### [Directions for this task]
The records that follow must be transcribed in full, without any change.

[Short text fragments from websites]
....................
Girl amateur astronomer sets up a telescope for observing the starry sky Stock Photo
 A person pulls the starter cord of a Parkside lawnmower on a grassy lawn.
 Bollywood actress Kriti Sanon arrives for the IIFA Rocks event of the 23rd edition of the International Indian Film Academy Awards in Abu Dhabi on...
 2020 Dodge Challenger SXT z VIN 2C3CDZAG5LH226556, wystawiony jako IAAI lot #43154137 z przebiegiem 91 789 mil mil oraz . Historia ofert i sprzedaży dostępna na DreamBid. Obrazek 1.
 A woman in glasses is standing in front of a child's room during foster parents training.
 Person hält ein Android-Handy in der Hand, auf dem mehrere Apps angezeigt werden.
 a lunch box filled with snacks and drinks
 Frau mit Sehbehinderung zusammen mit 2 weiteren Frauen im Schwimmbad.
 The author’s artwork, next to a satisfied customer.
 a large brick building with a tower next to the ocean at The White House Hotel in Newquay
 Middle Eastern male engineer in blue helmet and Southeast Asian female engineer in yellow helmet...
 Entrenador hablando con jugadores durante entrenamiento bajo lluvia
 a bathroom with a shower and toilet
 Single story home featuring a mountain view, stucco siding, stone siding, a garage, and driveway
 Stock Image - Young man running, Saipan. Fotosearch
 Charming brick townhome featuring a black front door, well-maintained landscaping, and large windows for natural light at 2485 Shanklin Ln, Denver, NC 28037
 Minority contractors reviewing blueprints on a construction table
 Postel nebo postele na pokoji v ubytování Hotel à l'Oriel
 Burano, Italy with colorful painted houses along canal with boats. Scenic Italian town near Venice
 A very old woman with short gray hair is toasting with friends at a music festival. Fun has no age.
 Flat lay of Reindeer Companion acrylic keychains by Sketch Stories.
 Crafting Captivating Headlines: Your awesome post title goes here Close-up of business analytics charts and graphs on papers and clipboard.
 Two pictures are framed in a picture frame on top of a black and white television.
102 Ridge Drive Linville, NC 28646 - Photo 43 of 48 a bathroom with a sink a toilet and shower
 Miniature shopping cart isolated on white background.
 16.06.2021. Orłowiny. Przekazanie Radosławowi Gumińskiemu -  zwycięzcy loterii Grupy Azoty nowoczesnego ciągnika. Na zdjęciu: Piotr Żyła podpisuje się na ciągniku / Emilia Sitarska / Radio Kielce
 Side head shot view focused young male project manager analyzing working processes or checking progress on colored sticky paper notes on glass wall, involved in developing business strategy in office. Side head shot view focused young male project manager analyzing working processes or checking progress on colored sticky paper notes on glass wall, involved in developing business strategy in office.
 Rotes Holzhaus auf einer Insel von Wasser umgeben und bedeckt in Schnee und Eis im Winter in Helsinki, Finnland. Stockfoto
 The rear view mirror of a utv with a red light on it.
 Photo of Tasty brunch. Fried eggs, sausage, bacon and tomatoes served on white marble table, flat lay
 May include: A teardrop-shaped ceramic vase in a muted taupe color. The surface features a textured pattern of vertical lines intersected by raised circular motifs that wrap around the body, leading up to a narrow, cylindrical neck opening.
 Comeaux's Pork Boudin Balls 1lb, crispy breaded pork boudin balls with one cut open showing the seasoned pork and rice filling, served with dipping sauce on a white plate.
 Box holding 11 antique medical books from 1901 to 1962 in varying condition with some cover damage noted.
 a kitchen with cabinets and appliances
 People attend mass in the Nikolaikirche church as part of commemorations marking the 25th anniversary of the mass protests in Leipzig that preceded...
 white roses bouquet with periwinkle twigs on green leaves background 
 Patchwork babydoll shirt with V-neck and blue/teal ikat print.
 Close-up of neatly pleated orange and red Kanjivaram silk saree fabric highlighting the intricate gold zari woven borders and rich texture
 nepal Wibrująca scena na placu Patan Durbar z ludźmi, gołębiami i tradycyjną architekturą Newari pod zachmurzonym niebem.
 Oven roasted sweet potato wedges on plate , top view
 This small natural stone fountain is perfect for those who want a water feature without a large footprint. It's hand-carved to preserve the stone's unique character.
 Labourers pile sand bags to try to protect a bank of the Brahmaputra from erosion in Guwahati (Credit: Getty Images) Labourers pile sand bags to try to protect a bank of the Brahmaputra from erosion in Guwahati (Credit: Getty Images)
....................
### [Solved exercise]
Girl amateur astronomer sets up a telescope for observing the starry sky Stock Photo
 A person pulls the starter cord of a Parkside lawnmower on a grassy lawn.
 Bollywood actress Kriti Sanon arrives for the IIFA Rocks event of the 23rd edition of the International Indian Film Academy Awards in Abu Dhabi on...
 2020 Dodge Challenger SXT z VIN 2C3CDZAG5LH226556, wystawiony jako IAAI lot #43154137 z przebiegiem 91 789 mil mil oraz . Historia ofert i sprzedaży dostępna na DreamBid. Obrazek 1.
 A woman in glasses is standing in front of a child's room during foster parents training.
 Person hält ein Android-Handy in der Hand, auf dem mehrere Apps angezeigt werden.
 a lunch box filled with snacks and drinks
 Frau mit Sehbehinderung zusammen mit 2 weiteren Frauen im Schwimmbad.
 The author’s artwork, next to a satisfied customer.
 a large brick building with a tower next to the ocean at The White House Hotel in Newquay
 Middle Eastern male engineer in blue helmet and Southeast Asian female engineer in yellow helmet...
 Entrenador hablando con jugadores durante entrenamiento bajo lluvia
 a bathroom with a shower and toilet
 Single story home featuring a mountain view, stucco siding, stone siding, a garage, and driveway
 Stock Image - Young man running, Saipan. Fotosearch
 Charming brick townhome featuring a black front door, well-maintained landscaping, and large windows for natural light at 2485 Shanklin Ln, Denver, NC 28037
 Minority contractors reviewing blueprints on a construction table
 Postel nebo postele na pokoji v ubytování Hotel à l'Oriel
 Burano, Italy with colorful painted houses along canal with boats. Scenic Italian town near Venice
 A very old woman with short gray hair is toasting with friends at a music festival. Fun has no age.
 Flat lay of Reindeer Companion acrylic keychains by Sketch Stories.
 Crafting Captivating Headlines: Your awesome post title goes here Close-up of business analytics charts and graphs on papers and clipboard.
 Two pictures are framed in a picture frame on top of a black and white television.
102 Ridge Drive Linville, NC 28646 - Photo 43 of 48 a bathroom with a sink a toilet and shower
 Miniature shopping cart isolated on white background.
 16.06.2021. Orłowiny. Przekazanie Radosławowi Gumińskiemu -  zwycięzcy loterii Grupy Azoty nowoczesnego ciągnika. Na zdjęciu: Piotr Żyła podpisuje się na ciągniku / Emilia Sitarska / Radio Kielce
 Side head shot view focused young male project manager analyzing working processes or checking progress on colored sticky paper notes on glass wall, involved in developing business strategy in office. Side head shot view focused young male project manager analyzing working processes or checking progress on colored sticky paper notes on glass wall, involved in developing business strategy in office.
 Rotes Holzhaus auf einer Insel von Wasser umgeben und bedeckt in Schnee und Eis im Winter in Helsinki, Finnland. Stockfoto
 The rear view mirror of a utv with a red light on it.
 Photo of Tasty brunch. Fried eggs, sausage, bacon and tomatoes served on white marble table, flat lay
 May include: A teardrop-shaped ceramic vase in a muted taupe color. The surface features a textured pattern of vertical lines intersected by raised circular motifs that wrap around the body, leading up to a narrow, cylindrical neck opening.
 Comeaux's Pork Boudin Balls 1lb, crispy breaded pork boudin balls with one cut open showing the seasoned pork and rice filling, served with dipping sauce on a white plate.
 Box holding 11 antique medical books from 1901 to 1962 in varying condition with some cover damage noted.
 a kitchen with cabinets and appliances
 People attend mass in the Nikolaikirche church as part of commemorations marking the 25th anniversary of the mass protests in Leipzig that preceded...
 white roses bouquet with periwinkle twigs on green leaves background 
 Patchwork babydoll shirt with V-neck and blue/teal ikat print.
 Close-up of neatly pleated orange and red Kanjivaram silk saree fabric highlighting the intricate gold zari woven borders and rich texture
 nepal Wibrująca scena na placu Patan Durbar z ludźmi, gołębiami i tradycyjną architekturą Newari pod zachmurzonym niebem.
 Oven roasted sweet potato wedges on plate , top view
 This small natural stone fountain is perfect for those who want a water feature without a large footprint. It's hand-carved to preserve the stone's unique character.
 Labourers pile sand bags to try to protect a bank of the Brahmaputra from erosion in Guwahati (Credit: Getty Images) Labourers pile sand bags to try to protect a bank of the Brahmaputra from erosion in Guwahati (Credit: Getty Images)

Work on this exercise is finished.